QA: I had caught from Jacques Barzun early on a sense that William James was a figure of great importance and attractiveness. That happened when I was an undergraduate. I don’t think that I had read any Henry James at the time that I was a graduate student at Harvard.

. . .

QA: Having been a Columbia undergraduate, I was accustomed to the relatively small classes and relatively intimate sort of instruction that Columbia afforded. Since Harvard threw its graduates and its undergraduates together in many courses, the character of the Harvard courses was far more a matter of a teacher at a lectern in a room of 150 people.
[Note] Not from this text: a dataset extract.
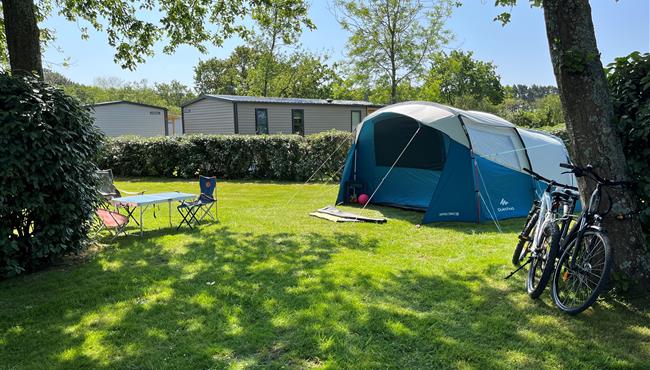 Camping pitch of the Kost Ar Moor Fouesnant campsite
I did, of course, have the advantage of the tutorial attention of eminences like Matthiessen and Miller. But for the most part, the instruction, as I say, was in very large classes and had nothing of the sort that I’d experienced at Columbia as an undergradate. I had been an undergraduate in the colloquium on important books which was taught jointly by Jacques Barzun and Lionel Trilling. That had been the most exciting of my classroom experiences and remains so. Columbia, after all, had given me a sense of a way of pursuing literature.

DT: Can you describe what that sense was?

QA: One didn’t dream for a moment of seeking to detach literature from its cultural matrix, even to the extent that it seemed detached at Harvard.

DT: “Even” to the extent that it seemed detached at Harvard? Didn’t it seem very detached at Harvard?

QA: I thought so.

—Diana Trilling, “The Shape of a Career: A Conversation with Quentin Anderson, January 1984,” in Donadio, Railton, and Seavy, Emerson and His Legacy: Essays in Honor of Quentin Anderson (Carbondale, Southern Illionois UP, 1986).


The volume includes a piece by Jacques Barzun, “Quentin Anderson, Redux,” in which the following appears:

Henry [James], Sr., kept lecturing and writing in the tone of one offering the world manifest truisms, and the world had not a glimmer of what he saw.